Tobin’s mother walked up the stairs and into his room.
“Are you sure? I made one of your favorites. Well, I re-heated some of Grandma’s shepherd’s pie, which is one of your favorites.”
Tobin smirked, but he didn’t look away from his iPad. His mother could tell something was wrong. It was impossible to hide things like that from her.
“Is everything okay, honey? Is something bothering you?”
“No, I’m fine. I’m just...feeling kinda crappy today.”
Tobin’s mother sat down on the bed. “Do you wanna talk about it? Is it the dome in Boston? It’s okay to be afraid of it, you know. We’re all a little afraid. I was watching this special with Oprah today, and she was discussing the dome in Boston, and she said we should all be talking about it with our families, and that it’s okay to be afraid.”

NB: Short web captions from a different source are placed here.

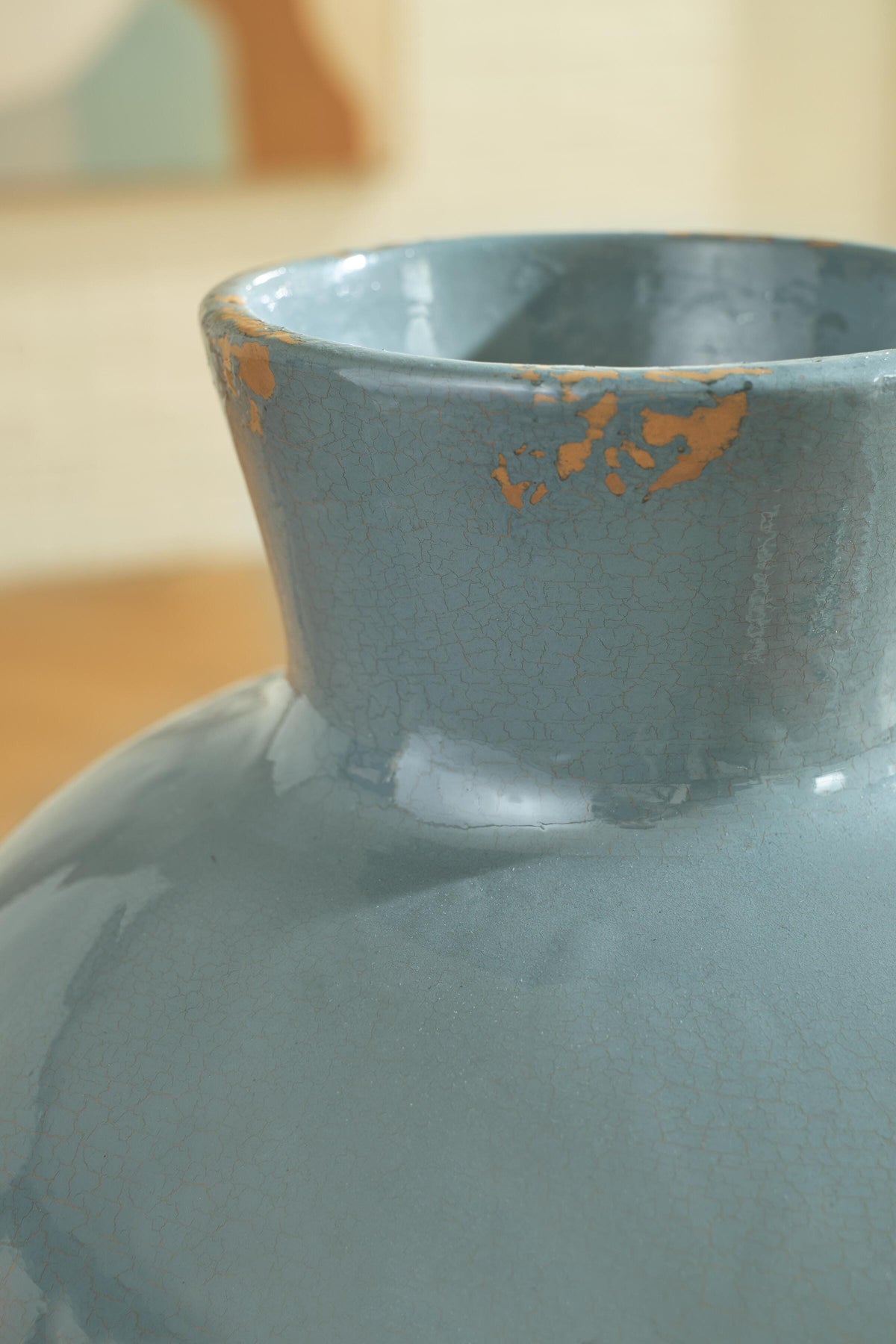 Giliburgh Antique Blue Vase by Ashley at Eve Furniture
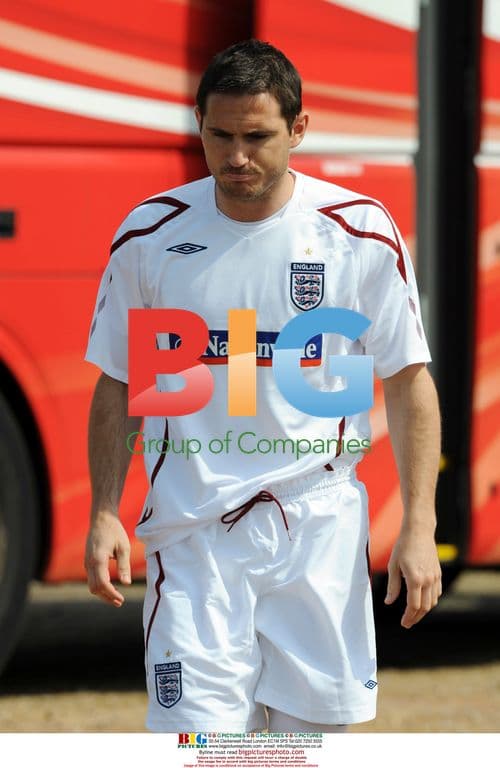 Frank Lampard defeats at England training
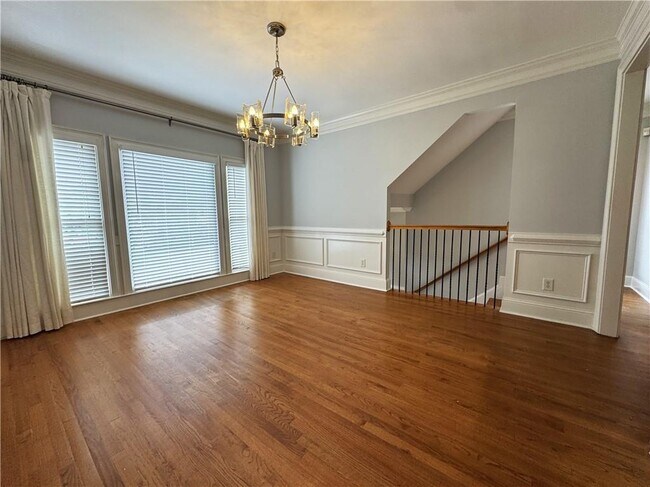 Building Photo - 871 Lenox Ct NE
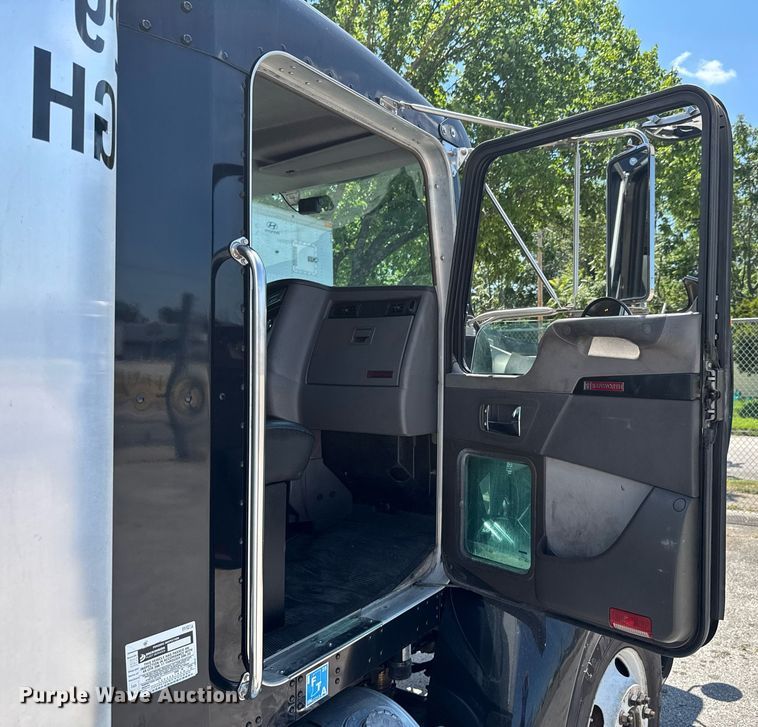 image for item DU9426 2013 Kenworth T370 box truck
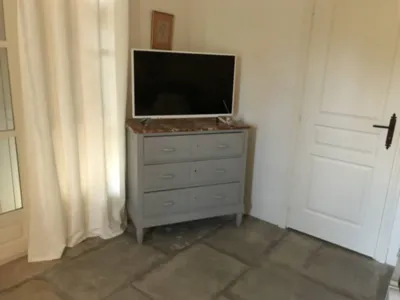 Artisan peintre pour relooking de meuble ancien à Fréjus var 83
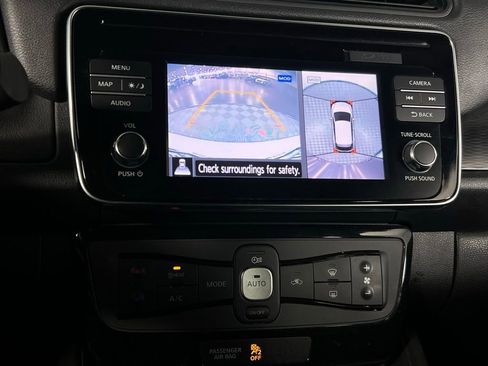 Used 2019 Nissan Leaf SL w/ SL Technology Package image 16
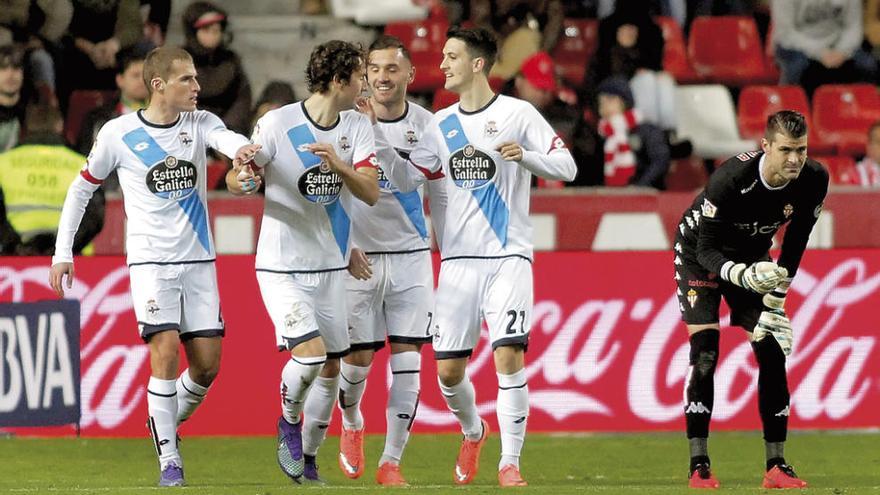 Lucas y Luis Alberto, en el centro, celebran el gol del gaditano junto a Álex y Mosquera.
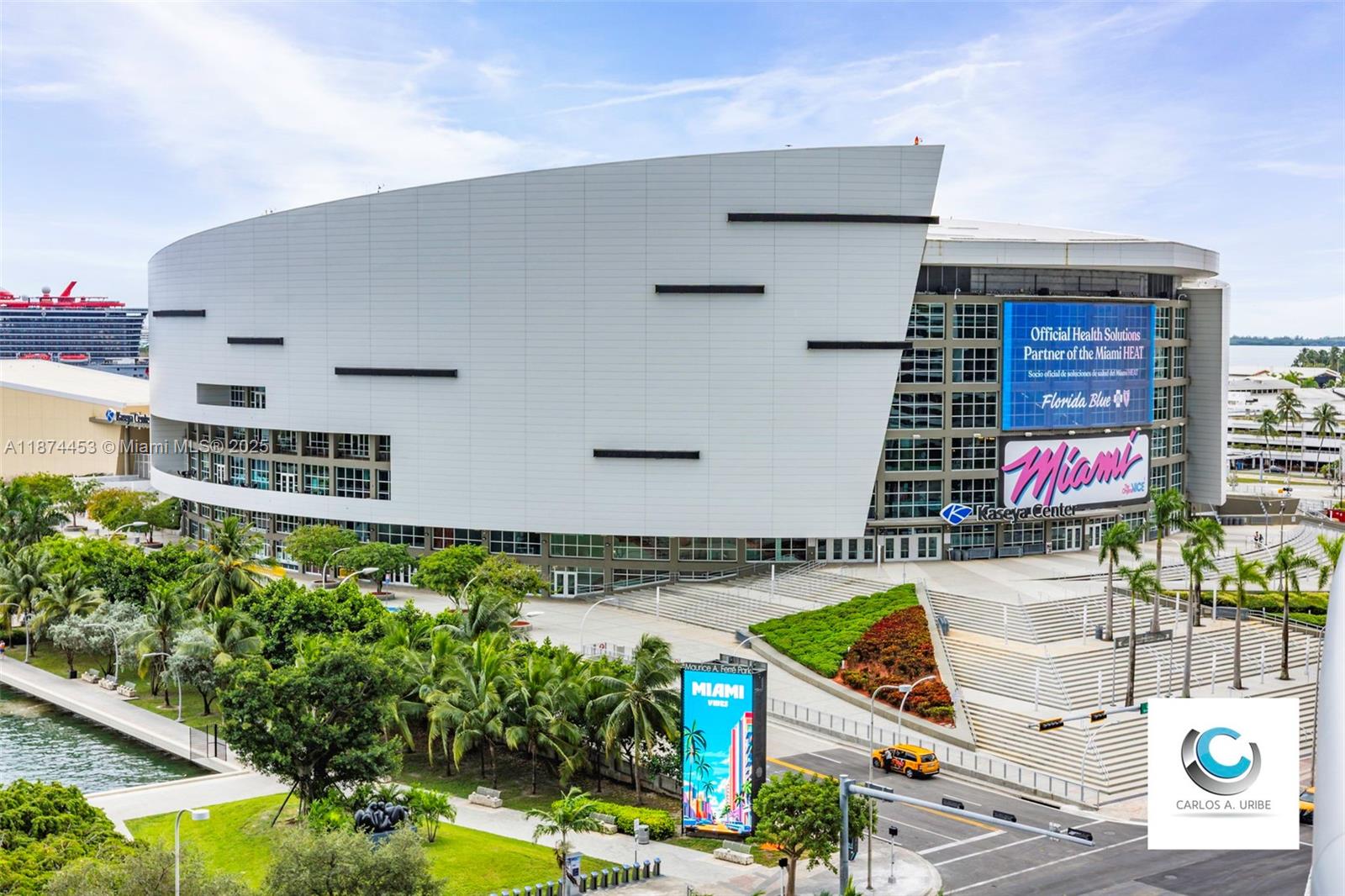 888 Biscayne Blvd 911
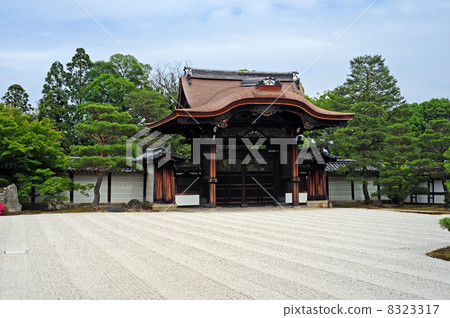 Ninna-ji Temple Garden的Tesutoken門 8323317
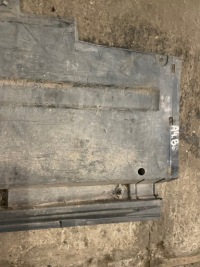 Audi a4 b8 a5 накладка плита пол подвеска левая с Разборки, фото thumb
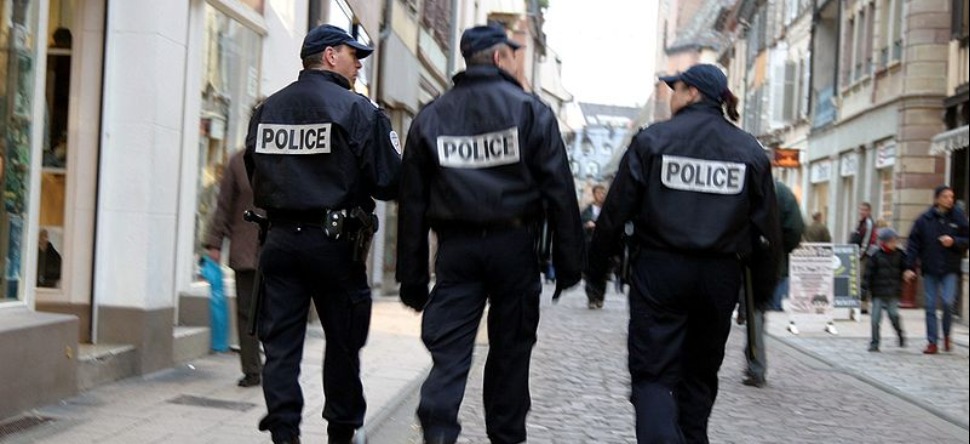 Soirées clandestines : à Paris, les policiers pris à parti par des...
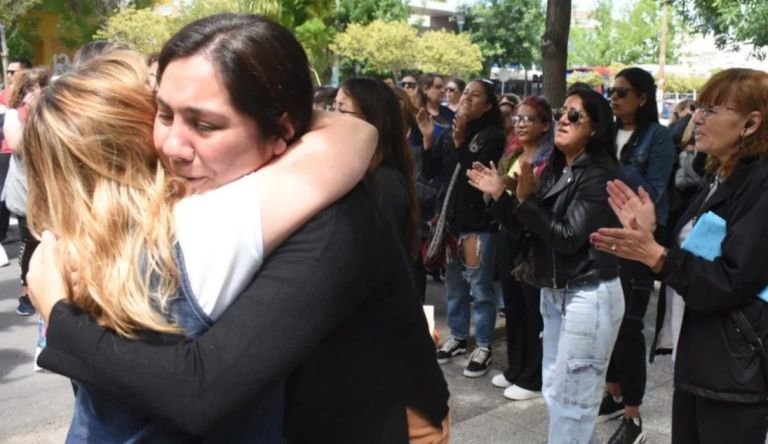Trelew: liberaron a la maestra acusada de abuso por padres de dos alumnos suyos: ¿se está por probar una falsa denuncia?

Tobin felt nauseous. He couldn’t have this conversation. Not now. Not ever. “No, it’s not the dome, Mom. Really, I’m fine.”
“Okay. But if you ever wanna talk about it, honey, I want you to talk to me, okay? We’re all in this together, and we’re all gonna get through it. And even though none of us know what the dome is, they are gonna find out where it came from, take care of it, and then we won’t have to worry about it anymore. Okay?”
Tobin’s mother walked out of the room.
“Everything will be fine, honey. Just remember that it’s nothing for you to worry about. It has nothing to do with you. Someone will take care of it, someone will take care of whoever did it, and then everything will be fine. It’s not something you should be worried about. It has nothing to do with you.”